* _The task_
In the entries that follow, the first line to write out is the one containing "麻x綿 手織りオーバル型ポーチ〈blue round cross〉", and the last is the one containing "Interior Photo - Beach & Ocean". Reproduce that stretch exactly, with nothing before or after it.

** Opening Data for this task block **

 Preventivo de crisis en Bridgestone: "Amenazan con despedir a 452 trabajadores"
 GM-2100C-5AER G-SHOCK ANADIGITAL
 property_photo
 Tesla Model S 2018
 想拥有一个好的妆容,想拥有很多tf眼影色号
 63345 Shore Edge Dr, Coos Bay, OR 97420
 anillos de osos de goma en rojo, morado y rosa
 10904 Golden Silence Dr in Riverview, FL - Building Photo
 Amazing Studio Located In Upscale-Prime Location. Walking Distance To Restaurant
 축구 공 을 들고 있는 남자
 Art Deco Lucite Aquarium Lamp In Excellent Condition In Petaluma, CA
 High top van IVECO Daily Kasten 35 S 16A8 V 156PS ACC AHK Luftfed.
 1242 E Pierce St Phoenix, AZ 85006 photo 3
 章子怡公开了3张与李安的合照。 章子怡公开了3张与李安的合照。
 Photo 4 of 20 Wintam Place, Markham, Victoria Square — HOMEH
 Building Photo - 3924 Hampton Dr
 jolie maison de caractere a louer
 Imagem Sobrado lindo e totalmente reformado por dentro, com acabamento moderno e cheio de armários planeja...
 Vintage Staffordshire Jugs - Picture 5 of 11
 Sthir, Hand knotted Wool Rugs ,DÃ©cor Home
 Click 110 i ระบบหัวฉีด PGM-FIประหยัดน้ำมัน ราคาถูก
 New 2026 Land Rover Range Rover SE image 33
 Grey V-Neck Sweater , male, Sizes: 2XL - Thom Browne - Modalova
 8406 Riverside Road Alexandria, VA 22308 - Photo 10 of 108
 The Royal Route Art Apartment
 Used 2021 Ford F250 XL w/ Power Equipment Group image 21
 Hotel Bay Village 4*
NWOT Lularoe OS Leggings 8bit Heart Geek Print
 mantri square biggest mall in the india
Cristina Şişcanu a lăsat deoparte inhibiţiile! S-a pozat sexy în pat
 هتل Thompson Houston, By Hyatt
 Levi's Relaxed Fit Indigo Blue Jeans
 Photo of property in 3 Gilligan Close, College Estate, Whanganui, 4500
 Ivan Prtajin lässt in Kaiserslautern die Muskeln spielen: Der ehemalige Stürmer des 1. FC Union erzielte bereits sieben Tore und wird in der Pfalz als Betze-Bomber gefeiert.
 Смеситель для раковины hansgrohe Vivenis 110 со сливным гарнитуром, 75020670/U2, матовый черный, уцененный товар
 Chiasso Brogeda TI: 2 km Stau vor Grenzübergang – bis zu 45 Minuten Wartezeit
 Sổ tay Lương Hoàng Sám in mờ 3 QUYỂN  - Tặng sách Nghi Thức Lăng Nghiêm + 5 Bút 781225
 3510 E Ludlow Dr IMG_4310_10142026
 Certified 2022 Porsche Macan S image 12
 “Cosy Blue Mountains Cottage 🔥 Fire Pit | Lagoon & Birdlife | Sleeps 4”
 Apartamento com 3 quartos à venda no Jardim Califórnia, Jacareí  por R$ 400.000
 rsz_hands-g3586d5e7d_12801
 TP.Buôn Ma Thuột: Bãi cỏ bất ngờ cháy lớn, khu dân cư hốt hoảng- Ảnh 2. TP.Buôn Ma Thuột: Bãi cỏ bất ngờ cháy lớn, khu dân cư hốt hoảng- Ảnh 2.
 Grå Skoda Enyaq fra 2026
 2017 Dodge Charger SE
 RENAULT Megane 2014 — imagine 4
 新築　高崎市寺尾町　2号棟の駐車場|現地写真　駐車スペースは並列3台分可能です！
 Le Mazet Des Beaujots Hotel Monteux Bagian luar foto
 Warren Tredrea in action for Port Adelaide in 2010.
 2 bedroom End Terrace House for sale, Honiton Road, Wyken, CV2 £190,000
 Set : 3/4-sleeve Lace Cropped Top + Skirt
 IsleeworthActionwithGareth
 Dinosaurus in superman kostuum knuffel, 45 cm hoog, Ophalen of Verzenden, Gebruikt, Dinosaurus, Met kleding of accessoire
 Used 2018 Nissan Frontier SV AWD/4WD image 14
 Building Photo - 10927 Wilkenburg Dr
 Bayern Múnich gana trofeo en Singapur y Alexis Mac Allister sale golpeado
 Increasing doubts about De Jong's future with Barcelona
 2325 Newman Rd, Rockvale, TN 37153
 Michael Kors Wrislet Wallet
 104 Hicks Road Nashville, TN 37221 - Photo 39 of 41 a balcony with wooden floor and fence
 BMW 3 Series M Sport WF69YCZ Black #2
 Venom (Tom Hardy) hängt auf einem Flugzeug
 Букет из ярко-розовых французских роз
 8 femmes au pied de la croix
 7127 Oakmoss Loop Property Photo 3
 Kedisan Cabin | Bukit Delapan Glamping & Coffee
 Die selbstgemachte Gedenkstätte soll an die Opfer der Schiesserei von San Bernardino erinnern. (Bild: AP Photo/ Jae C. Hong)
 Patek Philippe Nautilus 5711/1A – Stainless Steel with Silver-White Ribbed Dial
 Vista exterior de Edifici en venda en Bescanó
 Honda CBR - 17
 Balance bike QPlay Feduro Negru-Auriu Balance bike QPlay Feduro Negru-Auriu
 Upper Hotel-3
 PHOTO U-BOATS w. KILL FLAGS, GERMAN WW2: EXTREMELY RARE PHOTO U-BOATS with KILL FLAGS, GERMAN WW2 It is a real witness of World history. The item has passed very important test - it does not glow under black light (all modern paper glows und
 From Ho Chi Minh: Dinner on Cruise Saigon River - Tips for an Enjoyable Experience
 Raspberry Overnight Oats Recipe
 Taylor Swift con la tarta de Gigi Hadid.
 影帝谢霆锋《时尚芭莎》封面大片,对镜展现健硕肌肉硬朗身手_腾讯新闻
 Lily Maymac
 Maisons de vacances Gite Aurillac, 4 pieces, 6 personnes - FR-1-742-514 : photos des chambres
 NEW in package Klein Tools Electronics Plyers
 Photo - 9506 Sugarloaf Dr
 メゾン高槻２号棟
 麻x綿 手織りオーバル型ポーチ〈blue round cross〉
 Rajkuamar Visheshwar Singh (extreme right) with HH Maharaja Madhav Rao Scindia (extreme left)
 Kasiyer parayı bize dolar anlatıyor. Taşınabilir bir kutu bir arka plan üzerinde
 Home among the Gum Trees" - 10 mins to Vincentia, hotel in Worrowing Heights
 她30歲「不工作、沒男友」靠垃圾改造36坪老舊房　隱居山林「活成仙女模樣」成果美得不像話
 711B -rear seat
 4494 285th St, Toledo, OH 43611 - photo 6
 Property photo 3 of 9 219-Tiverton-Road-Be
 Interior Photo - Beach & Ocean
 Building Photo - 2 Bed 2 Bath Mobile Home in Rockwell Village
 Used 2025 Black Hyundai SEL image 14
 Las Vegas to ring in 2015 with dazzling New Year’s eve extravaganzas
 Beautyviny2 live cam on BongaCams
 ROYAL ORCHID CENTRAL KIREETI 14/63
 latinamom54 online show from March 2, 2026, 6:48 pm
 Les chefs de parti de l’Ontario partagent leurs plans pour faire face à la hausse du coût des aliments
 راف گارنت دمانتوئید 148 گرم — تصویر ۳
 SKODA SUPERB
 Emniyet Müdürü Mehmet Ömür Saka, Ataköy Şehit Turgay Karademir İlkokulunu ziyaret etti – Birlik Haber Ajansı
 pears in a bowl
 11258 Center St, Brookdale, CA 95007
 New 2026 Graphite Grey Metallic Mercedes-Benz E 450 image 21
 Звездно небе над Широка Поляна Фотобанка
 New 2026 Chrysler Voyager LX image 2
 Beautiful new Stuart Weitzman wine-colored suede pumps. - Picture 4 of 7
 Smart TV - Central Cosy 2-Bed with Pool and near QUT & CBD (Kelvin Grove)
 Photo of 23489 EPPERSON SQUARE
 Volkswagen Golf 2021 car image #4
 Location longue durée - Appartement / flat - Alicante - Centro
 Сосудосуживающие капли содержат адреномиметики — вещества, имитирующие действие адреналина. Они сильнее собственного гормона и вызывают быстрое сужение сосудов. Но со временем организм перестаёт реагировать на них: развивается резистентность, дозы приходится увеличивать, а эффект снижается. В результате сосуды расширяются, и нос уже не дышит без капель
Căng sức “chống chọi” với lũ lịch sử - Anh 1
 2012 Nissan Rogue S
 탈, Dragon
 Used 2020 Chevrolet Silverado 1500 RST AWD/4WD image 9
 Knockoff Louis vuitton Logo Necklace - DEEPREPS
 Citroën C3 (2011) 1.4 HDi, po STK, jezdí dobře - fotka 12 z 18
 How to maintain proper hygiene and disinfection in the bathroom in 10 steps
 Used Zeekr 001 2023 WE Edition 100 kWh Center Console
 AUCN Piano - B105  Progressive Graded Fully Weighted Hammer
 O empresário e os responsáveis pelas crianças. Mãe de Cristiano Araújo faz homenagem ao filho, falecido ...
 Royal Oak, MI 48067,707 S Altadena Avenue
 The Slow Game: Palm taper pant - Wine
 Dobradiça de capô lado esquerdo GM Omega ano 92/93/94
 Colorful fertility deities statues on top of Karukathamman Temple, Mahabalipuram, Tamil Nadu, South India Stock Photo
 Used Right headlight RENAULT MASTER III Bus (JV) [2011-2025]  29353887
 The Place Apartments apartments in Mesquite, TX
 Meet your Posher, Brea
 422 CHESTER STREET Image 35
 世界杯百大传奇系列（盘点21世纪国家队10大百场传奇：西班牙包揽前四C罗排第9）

** Closing Data for this task block **

* _Written response_
 麻x綿 手織りオーバル型ポーチ〈blue round cross〉
 Rajkuamar Visheshwar Singh (extreme right) with HH Maharaja Madhav Rao Scindia (extreme left)
 Kasiyer parayı bize dolar anlatıyor. Taşınabilir bir kutu bir arka plan üzerinde
 Home among the Gum Trees" - 10 mins to Vincentia, hotel in Worrowing Heights
 她30歲「不工作、沒男友」靠垃圾改造36坪老舊房　隱居山林「活成仙女模樣」成果美得不像話
 711B -rear seat
 4494 285th St, Toledo, OH 43611 - photo 6
 Property photo 3 of 9 219-Tiverton-Road-Be
 Interior Photo - Beach & Ocean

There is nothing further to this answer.